Editoriales

El desodorante

Pocas cosas son más desagradables que el mal olor corporal. Subirse a un transporte público en Europa es mucho más martirizante que hacerlo en América. Hay varias razones y una de ellas es la ancestral escasez de agua en algunas regiones europeas que los ha hecho racionar el preciado líquido.

El término “odor” y “odorante” vienen del griego odsaína, que es hedor, a su vez viene de odseín, que es oler. El problema no es nuevo. Hace 4 mil 500 años los sumerios fueron los que iniciaron a preocuparse por el olor del cuerpo. Clasificaron a estos olores en dos insoportables: el mal aliento o halitosis, y el olor fétido de los sobacos o sobaquina. Es clásica la anécdota de Hierón, tirano de Siracusa (siglo III adC) que sufría de una fetidez patológica que se llama acena, proveniente de la membrana pituitaria. Él no lo sabía hasta que una mujer extranjera se lo dijo. Los que escucharon se petrificaron pues pensaban que el tirano la castigaría, pero al contrario, fue a ellos a quienes les reclamó por no habérselo dicho nunca.

A pregunta expresa, su esposa contestó que ella no había estado cerca de ningún otro hombre y que por lo tanto pensaba que así olía el aliento de todos los hombres. Lo cierto es que el problema comenzó a atacarse entre las diversas culturas restregando la piel con limones y naranjas. Los egipcios sin querer le dieron buena avanzada al depilarse las axilas porque se puso de moda y disminuyó el mal aroma de los sobacos. Es que en esa zona se crían bacterias, se reproducen y mueren y se descomponen. Los griegos y los romanos aprendieron de los egipcios la elaboración de los primeros desodorantes, que no eran sino simples mezclas de aromas y perfumes, partiendo del principio de que un olor ahogaba al otro. Ya para finalizar el gran Imperio Romano, se puso de moda colocarse en las axilas pequeñas almohadillas con aromas, que atacaba el olidae caprae (el mal olor a cabra de los sobacos).
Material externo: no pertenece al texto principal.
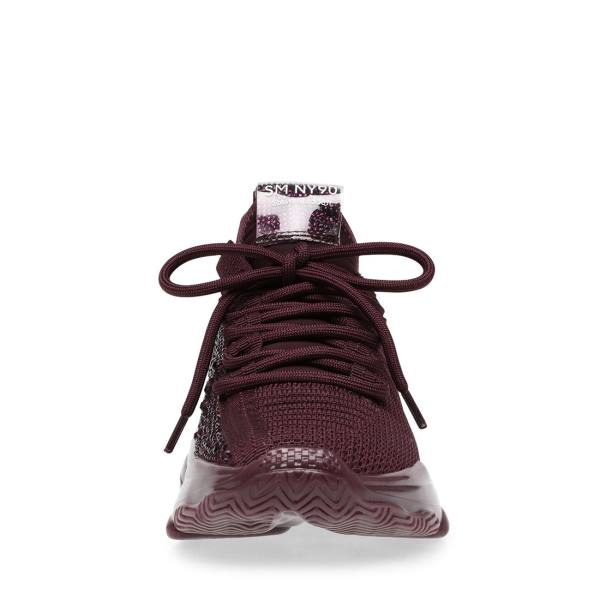 Trampki Męskie Steve Madden Maxx Burgundy Bordowe | SM-574JF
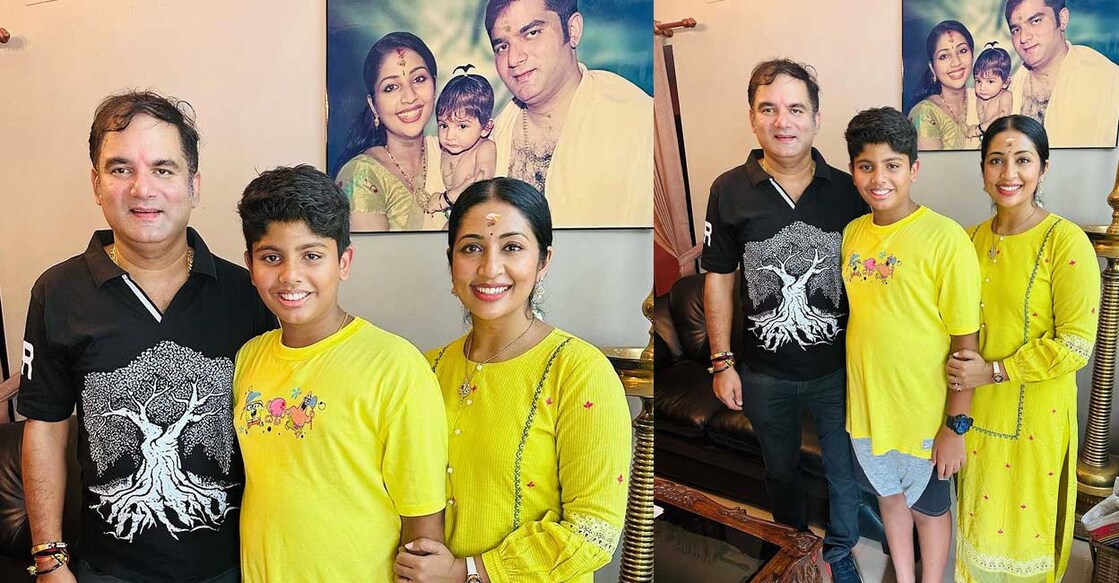navya-nair-family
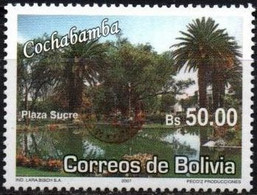 Bolivia 2018 ** CEFIBOL 2335 Issued 2007 ECOBOL CB #1993 Plaza Sucre, Authorized AgBC. 1,058 Known. - Bolivia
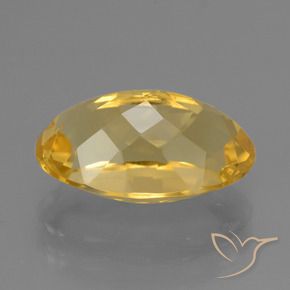 6.41克拉天然黄水晶，椭圆形，VVS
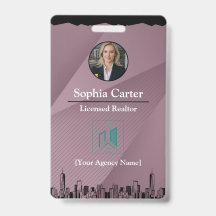 Tarjeta de identificación de empleado de Realtor p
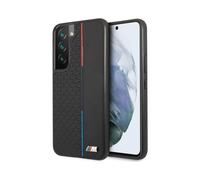 Cover BMW Galaxy S22+, nero - triangoli M Collection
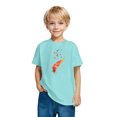 thumbnail image 3 of RXIRUCGD 2025 Vêtements d'Été pour Enfants T-shirt Imprimé Mode Mignon Col Rond Manches Courtes, 3 of 5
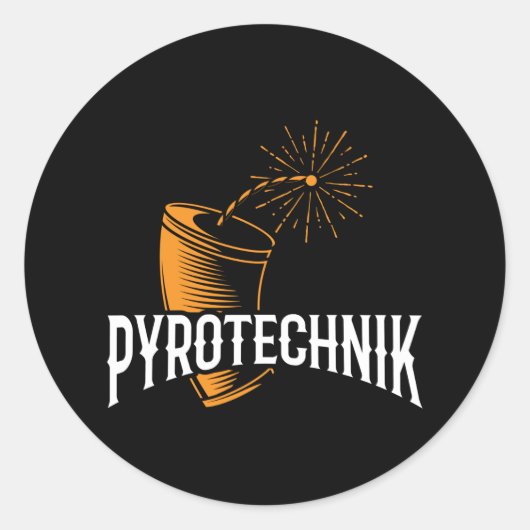 Sticker Rond Pyrotechnie Pyrotechnicien Équipage Pyro Show (Devant)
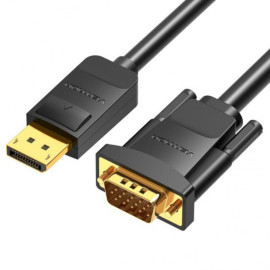 VENTION DisplayPort to VGA Cable 2M Black (HBLBH) (VENHBLBH)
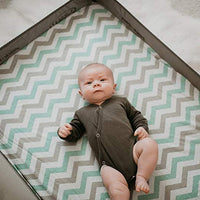 Fitted Sheets for Graco Pack n Play Playards (24 x 38 inch) - Grey Elephants & Chevron (2 Pack)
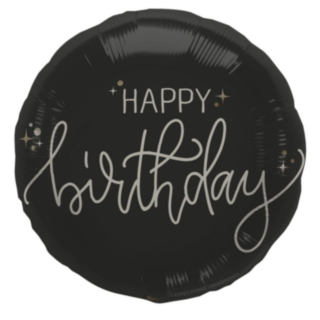 Happy Birthday Folioilmapallo Musta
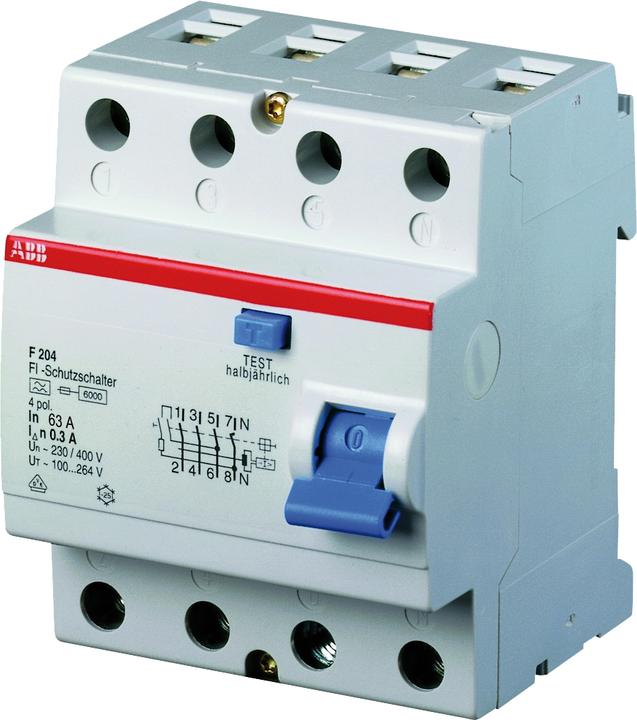 Image du produit ABB RCD, F 204, 4 POLE
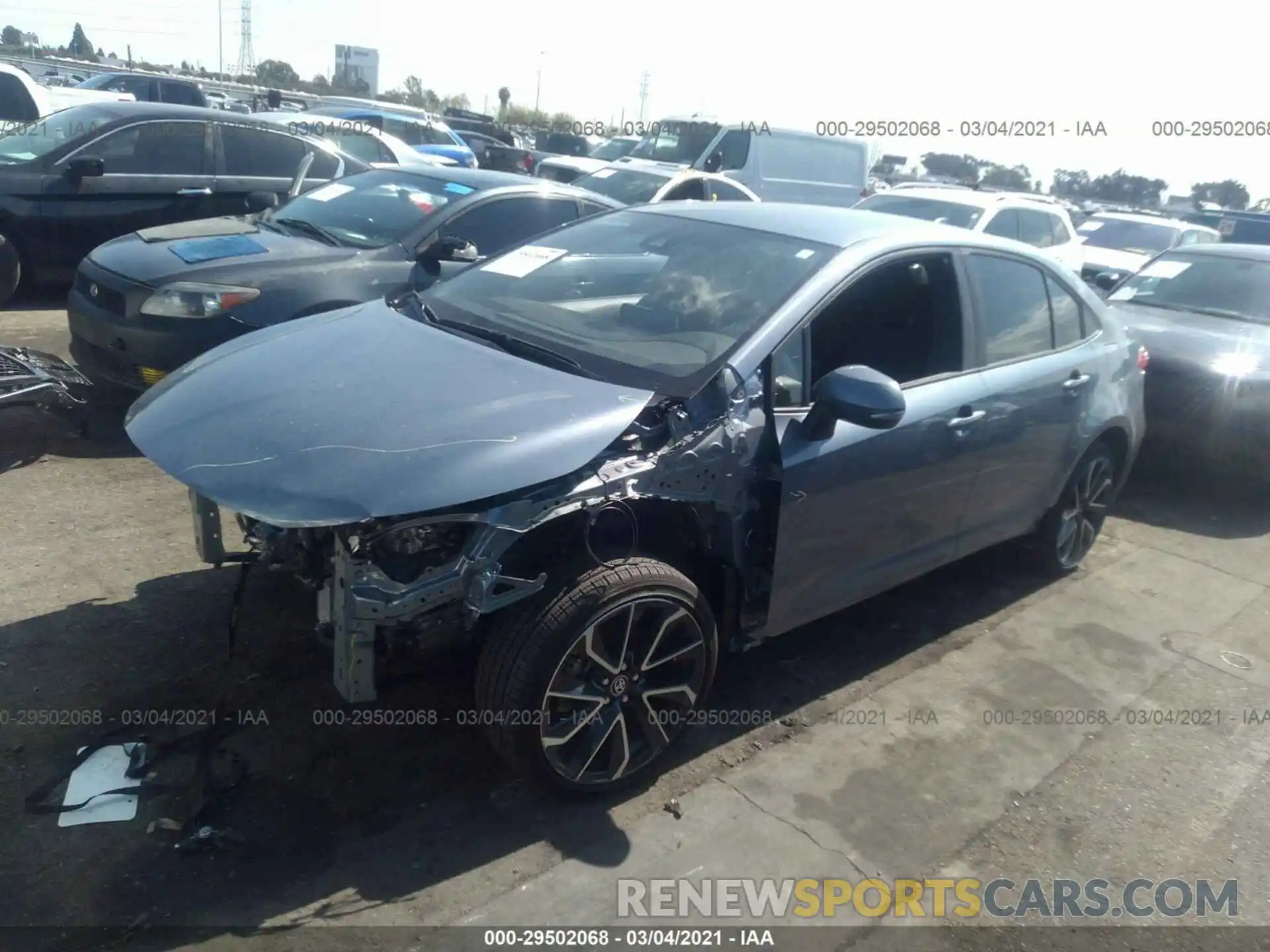 2 Photograph of a damaged car JTDS4RCE0LJ032244 TOYOTA COROLLA 2020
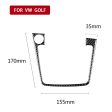 Car Carbon Fiber Gear Position Panel Frame Decorative Sticker for Volkswagen Golf 7 2013-2017, with Hole and Start and Stop, Left Drive on Sale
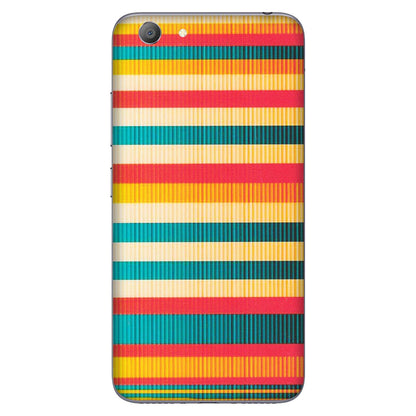 VIVO Y Series Phone Skins (All Models) - Colourful Stripes Soothing Effect - Matte Finish (M-86) Vivo Y53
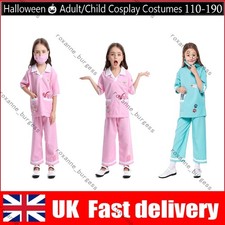 Kids Doctor Nurse Costume Veterinary Uniform Role Play Book Day Party Outfits 🎃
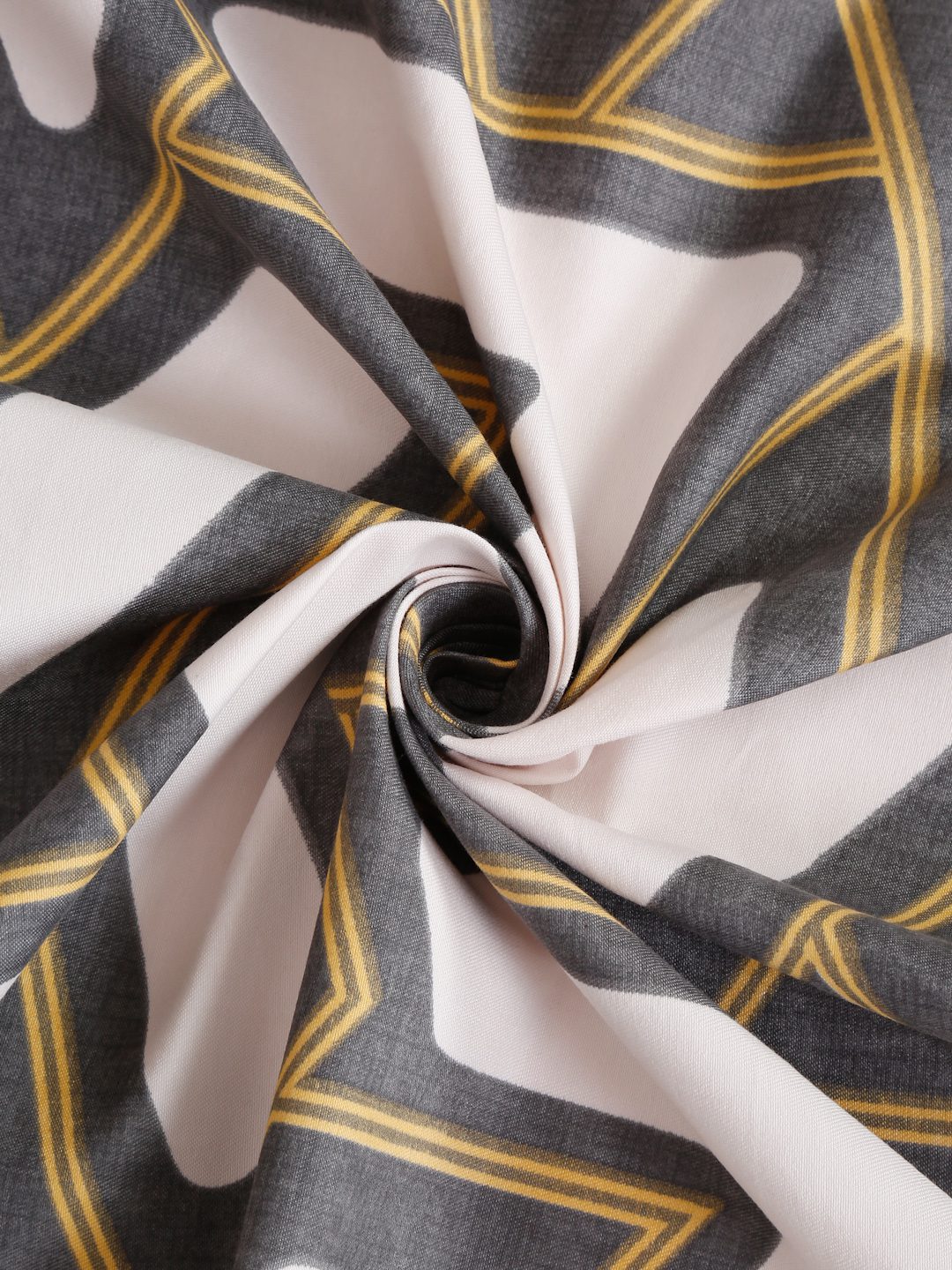 Hosta Homes Geometric Design Multicolored Bed Sheet With Pillow Covers image 4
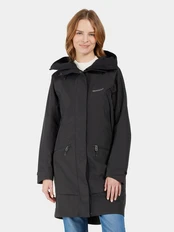 Didriksons Ilma Parka 8 moteriškas paltas - juodas, L dydis kaina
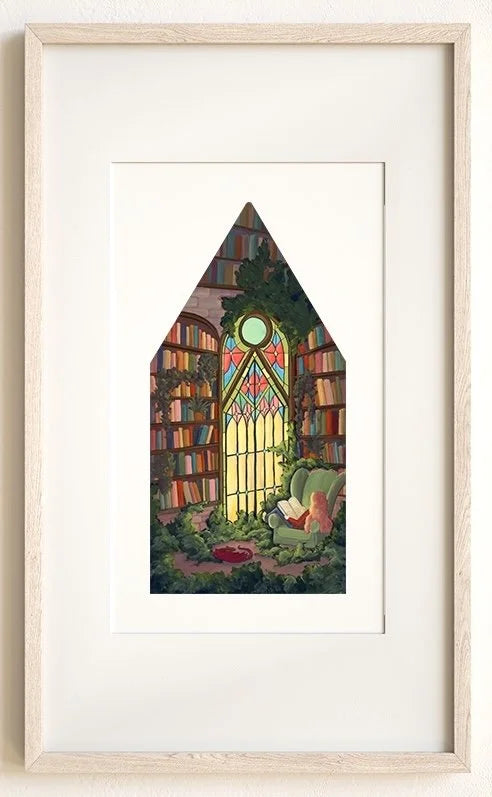 Afternoon Light - Enchanted Library Print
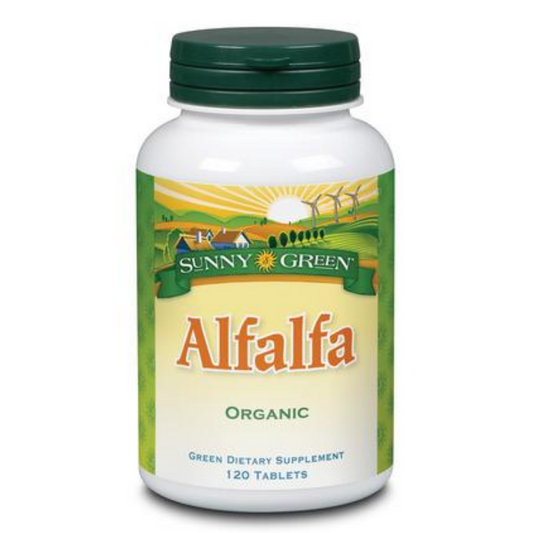 SUNNY GREEN Alfalfa Leaf, Tablet (Btl-Plastic) 500mg | 120ct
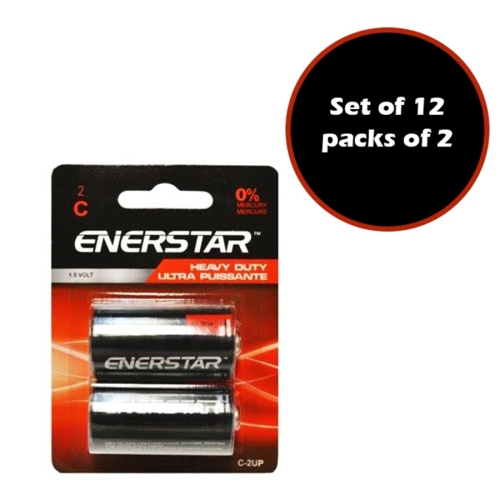 Enerstar - Ensemble de 12 Paquet de 2 Piles C Ultra-Puissante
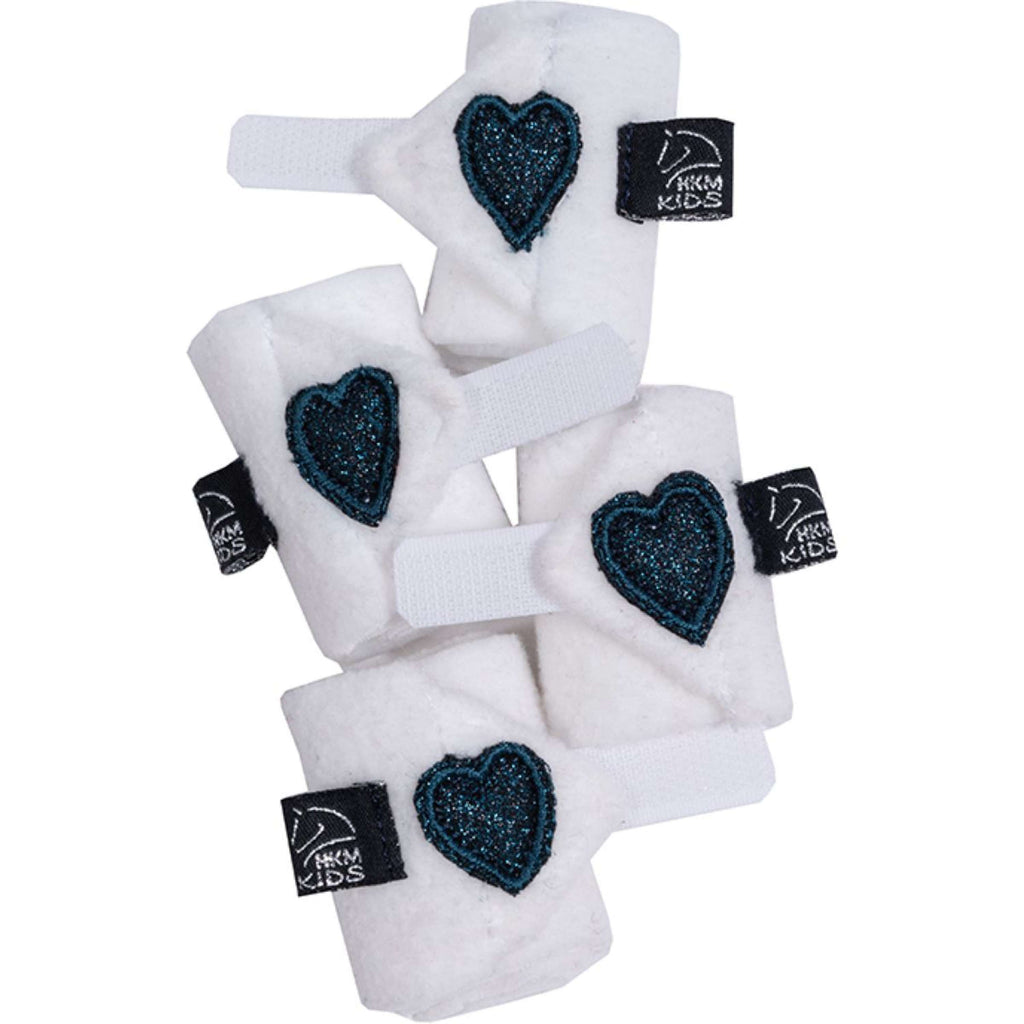 HKM Pony Peluche Bianco/Blu scuro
En las Iglesias, allá por la Edad Media se inventó otra solución: un incensario gigante, de donde viene el botafumeiro de Santiago de Compostela, que esparcía el incienso entre los fieles peregrinos que caminaban días sin bañarse. El problema del mal olor le costaba mucho dinero a las damas eurpeas pues no podían usar más de cinco o seis veces un vestido porque se impregnaba la tela de olores fétidos en los sobacos y en el pecho. La gente urbana olía a demonios, y la del campo no tanto. Así que se puso de moda irse una temporada a la montaña o al campo para desodorizarse, pues la gente se oreaba permitiendo que el aire se llevara aquella podredumbre que emanaba de su piel. Pero también hay que decir que hay personas que no les molesta el olor corporal, por ejemplo, Napoleón le mandaba avisar a Josefina que llegaría en determinados días a verla y que por favor no se lavara.      

El primer desodorante real se inventó en Estados Unidos en 1887 y se llama MUM, un compuesto de crema y zinc, un inhibidor del sudor. En 1902 salió la competencia: el Everdry, que significa “siempre seco”, aludiendo a que las axilas estarían siempre secas si se aplicaba ese producto. En la farmacia de mi padre era infaltable que en el anaquel de los perfumes había los tres productos, porque luego salió en 1919 el Odorono, que les competía en serio. El tema no es agradable y hay quienes se ofenden cuando se les dice, pero el ejemplo de Hierón II debe servirnos pues si nadie nos dice que traemos mal aliento pronto veremos reducido el listado de nuestras amistades.